So yesterday at the office, the umpteenth person comes up to me and says, “How are you doing?”
And I nod and I smile because I know what they mean. They know I’m the guy who does that “blog thing” and lives and dies with the Red Sox and once threatened a conference room full of prospects when one of them copped to being a Yankees fan.
But the thing is, I’m doing fine.
No more Red Sox baseball? Sucks. But whereas 2003 saw me bedridden and bedraggled, sick to my stomach and lost in clouds of despair, the new, post-2004 and -2007 me knows that these days, “maybe next year” really means “maybe next year.” And Red Sox championships aren’t the sort of things that poke their heads out of Loch Ness once in a blue moon, then disappear without a trace. They’re real, baby.
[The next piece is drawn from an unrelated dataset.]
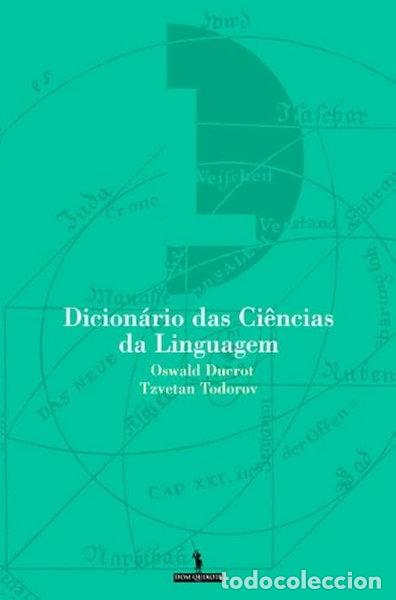 Libros: Dicion&aacute;rio das ci&ecirc;ncias da linguagem- 9789722000512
And they’re spectacular.
So when I see these articles like this one in the Globe in which a local funeral director — yeah, you read that right — offers hints for overcoming the shock of the postseason’s abrupt ending, I just nod and smile. I paid my dues in 2003. And when the bad vibes set in, as they did earlier this week, I just dig on this:
Doesn’t that make everything better?
Knowing how it all went down, it’s tough to remember that when this occured, we were three games down and three outs away from the Big Sleep. We had nothing but that moment, that steal, that at bat. A park packed with people begging for just another inning of Red Sox baseball, clinging tenaciously to whatever remnants of the season we could get our mitts on. We didn’t know where it was heading; we just knew we didn’t want to say goodbye. And the boys came through furiously.
There’s enough emotion in that one-and-a-half minute clip to get me through the rest of my days. Thanks again, dudes.